Allows (NBA) team to re-sign one of its own free agent players without regard to the salary cap. Exceptions from the Salary Cap, free agent is re-signed by that team at an amount up to maximum salary. Bird Rule, applys to players who have completed 3 seasons in NBA without being waived or having changed teams. Contracts cannot exceed 6 years. Originated from Boston Celtics who resigned their player Larry Bird.

Mid-level exception (MLE)
NBA, can use this to sign a player once a year to a contract at maximum amount and specified length, both of which depend on the team’s cap status. An exception from the salary cap which is devised to control the team’s costs.

Competitive Balance
Measures Include:
-Number of different teams that have won title
-Number of different team who reached an advanced stage (playoffs/post-season)
-Number of teams that have been consistently bad
-Correlation between team’s records over two-year period
-How often teams finish with winning records
-How closely grouped teams are around the .500 mark in a season
-How varied is the group of competing teams for a certain title over a period of time
Sports league must have competitive balance and parity across its teams, without balance there will not be the necessary uncertainty of outcome in individual games and season to maintain fan interes.
It isn’t equality of team strength, but equal opportunity. A league seeking to maximize its revenue will not want each of its teams to have an equal chance to win the championships, rather the teams with larger ‘markets’

Rozelle Rule
Falls under the category of Reserve clause. NFL, named after Pete Rozelle, commissioner who implemented the rule, which allows the commissioner to compensate a team whose free agent was signed away by another team by taking something of equivalent value from the signing team. Most often this is a draft pick given to the team losing the free agent. Fear of losing out on this a future high draft pick limited free agency. This rule was replaced by “Plan B” which allows a team to name 37 man roster the reserve clause would apply to.

Promotion/Relegation System
English Premier League system. Ability for teams to transfer or move between two leagues (upper/lower league) based on their performance the previous year. From this model tendencies such as stronger consumer demand, higher player salaries, better players, more competitive balance, and lower public subsidies, ensue.
Because team membership is not fixed, team have no monopoly control over there territories. A new team can always be established. Also creates fan confidence that the league is producing the highest possible quality of product.

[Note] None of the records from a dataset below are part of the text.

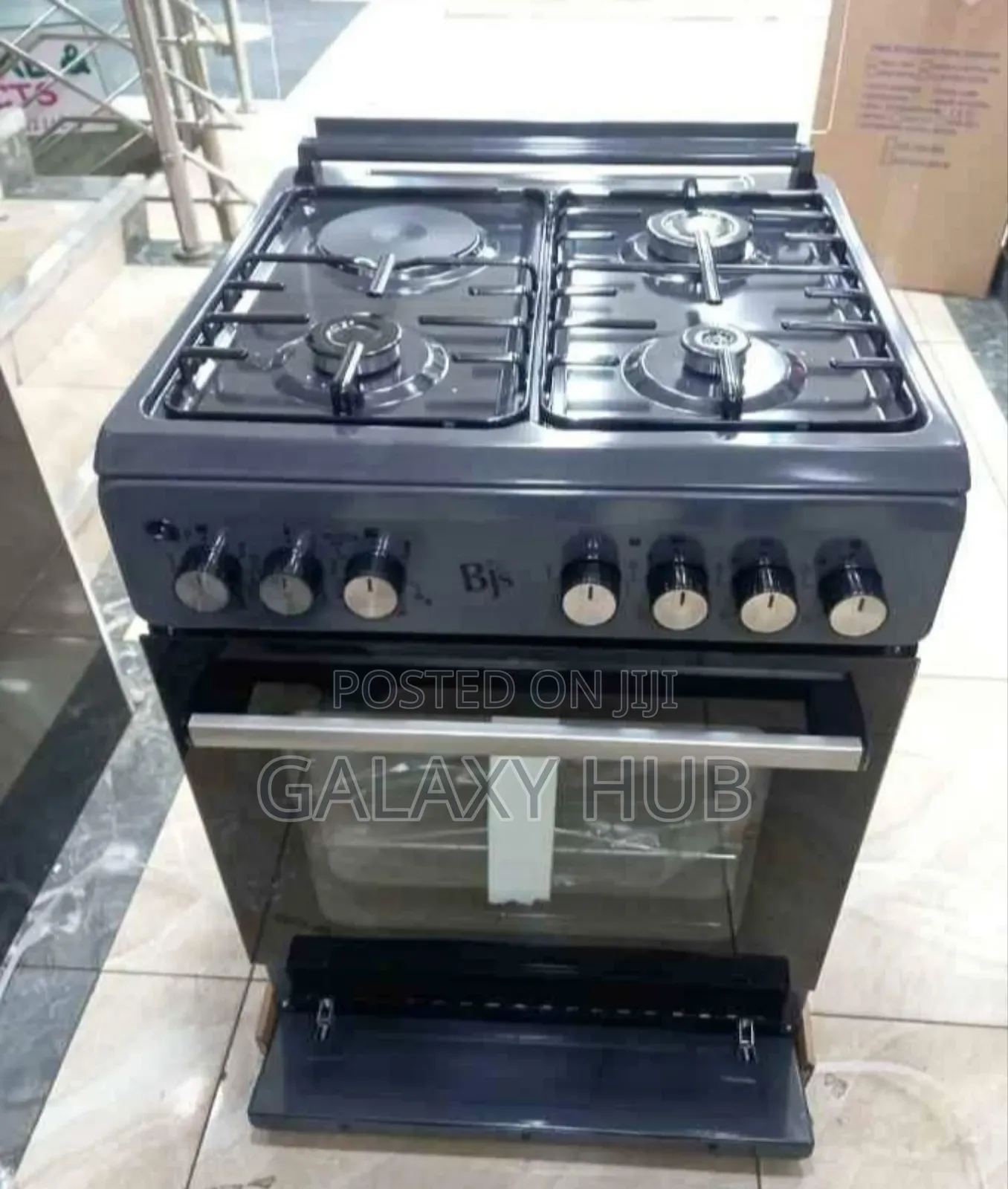 Bjs Standing Cooker 3+1 Standing Cooker 60 By 60 Turbo Fan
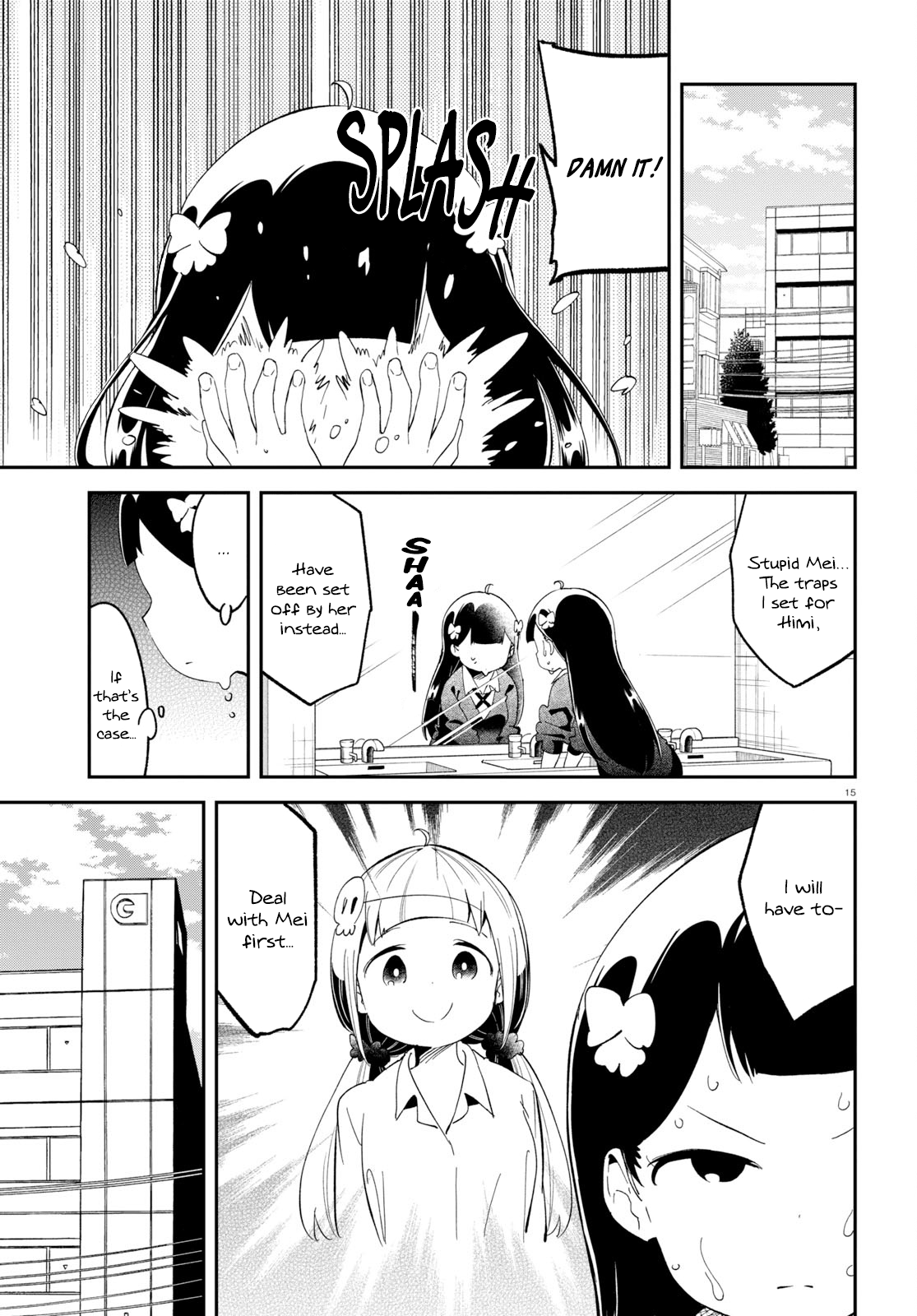 Isekai Death Game Ni Tensou Sarete Tsurai - Vol.3 Chapter 15: Exposed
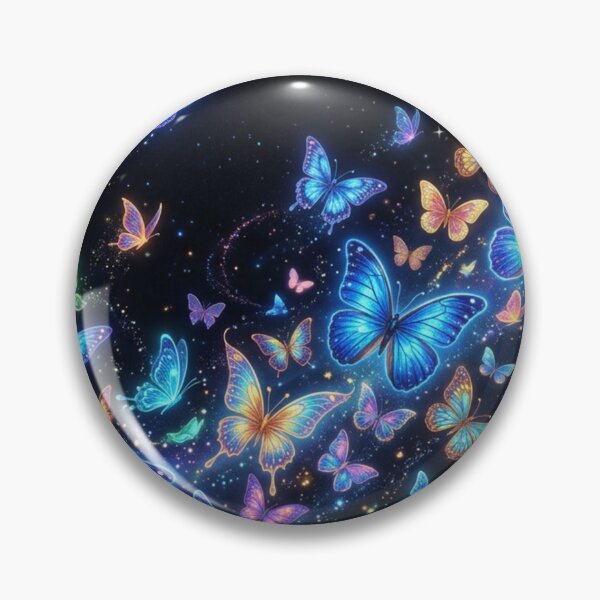 Item preview, Shimmering Dream Flight Symphony designed and sold by Sigtrix.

Reverse-Order Draft (Competitive Balance policy/tool)
Teams with the worst record from the previous season have the ability to pick drafts first. This is a competitive balance policy/tool, to promote competitiveness of the teams by allowing worse teams to develop better players through the drafting order. NFL and MLB both use this, it is also known as reverse-record draft.

Salary Cap
Competitive Balance policy/tool:
Agreement or rule that limits the amount of money a team can spend on its players’ salaries.

Luxury tax
-Tax placed on teams often who do not have a salary cap. This surcharge is placed on teams’ aggregate payroll to the extent to which it exceeds a predetermined level of payroll. Intended to prevent high profile teams from signing all the best players, competitive Balance measure.
-For every dollar a team spends above the tax threshold, they must also pay some fraction to the league. This system is used to discourage teams from greatly exceeding the tax threshold, with the goal of ensuring parity between large and small market teams.
-It is paid by high spending teams — those with a team salary exceeding a predetermined tax level.

Unbalanced Schedule
Competitive balance policy/tool:
A schedule in NFL especially which is unbalanced so the that teams play other teams closer to their level. Better teams/better teams while mediocre teams play other mediocre teams, this increases uncertainty of outcome in the game

Revenue Sharing
Competitive Balance policy/tool:
It is designed to help redistribute money from high-revenue teams (generally in big markets) to needier teams (generally in small markets.
NFL- All broadcasting and licensing revenues are shared equally among all teams.

Free Agency
Player who is able to sign with any team or club, not under any specific contract

Major Spots Leagues
NHL, MLB, NFL, NBA, MLS

Monopoly
Profit maximization and Price Discrimination
Anti-trust exemption for MLB

Anti-Trust Laws/Exemption
Anti-trust Laws are instituted to prevent corporations or industries from fixing prices and forming a cartel. The anti-trust laws are also instituted to encourage competition.
MLB has an exemption from a 1922 court case which has been upheld since then and was first challenged in 1972.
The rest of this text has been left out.